# Electric Brewery Control Panel



## AGBREWER81 (4/1/15)

I'm currently making an electric brewery panel from theelectricbrewery.com. If your interested there are some pics in my gallery. This will be for sale when its done if anybody is interested.


----------



## Crusty (4/1/15)

What would be the damage on that bad boy?


----------



## husky (4/1/15)

Building just for fun?


----------



## lael (4/1/15)

husky said:


> Building just for fun?


Wondering the same thing... or seen the light and going 1V? lol


----------



## AGBREWER81 (5/1/15)

I was building an all electric brewery as seen on www.theelectricbrewery.com. Im currently wiring the control panel that owes me about $1500 bucks.
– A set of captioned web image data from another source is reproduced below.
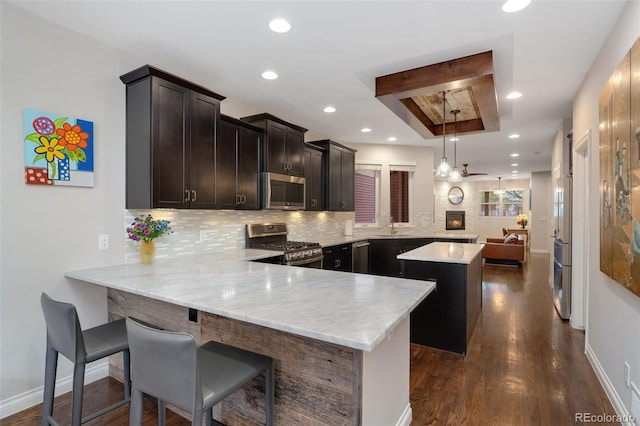 kitchen featuring decorative backsplash, a kitchen island, appliances with stainless steel finishes, a sink, and a peninsula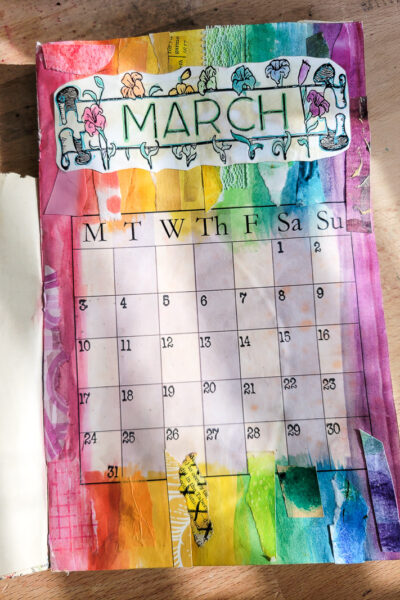 Junk journal calendar planner flip through for the month of March. Inspired by the rainbow this colorful imagery of God's promise is perfect for organizing my days in the one of a kind day planner I created! #journalgirl #calendarflip #junkjournalideas #mixedmediajournal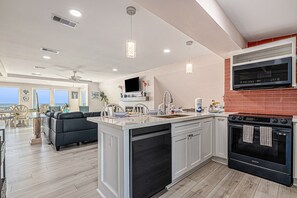 Fridge, microwave, oven, stovetop - Sprawling ocean view home with shared pool, balconies, & direct beach access (Galveston)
I also have 
three Blichmann 20 Gallon G1 BoilerMakers, One for HLT, Mash Tun and Boil kettle. Each kettle has its own temp probe connected to a PID. Two pumps will be in opperation. I will be using 1 5500 element in the HLT and boil kettle. The mash will be pumped through a herms coil in HLT to maintain temp. This setup in total has set me back about $6000. I will post new pics soon.


----------



## lael (5/1/15)

Wow, decided to build, sell and go with a different plan?


----------



## lael (5/1/15)

Wow, decided to build, sell and go with a different plan?

I've always loved the shiny lights on the electric brewery control panels. Not so much the price tag


----------



## Crusty (5/1/15)

AGBREWER81 said:


> I was building an all electric brewery as seen on www.theelectricbrewery.com. Im currently wiring the control panel that owes me about $1500 bucks. I also have
> three Blichmann 20 Gallon G1 BoilerMakers, One for HLT, Mash Tun and Boil kettle. Each kettle has its own temp probe connected to a PID. Two pumps will be in opperation. I will be using 1 5500 element in the HLT and boil kettle. The mash will be pumped through a herms coil in HLT to maintain temp. This setup in total has set me back about $6000. I will post new pics soon.


It looks like your almost there, why stop now? That would be a cracking setup.
Whats the new plan?


----------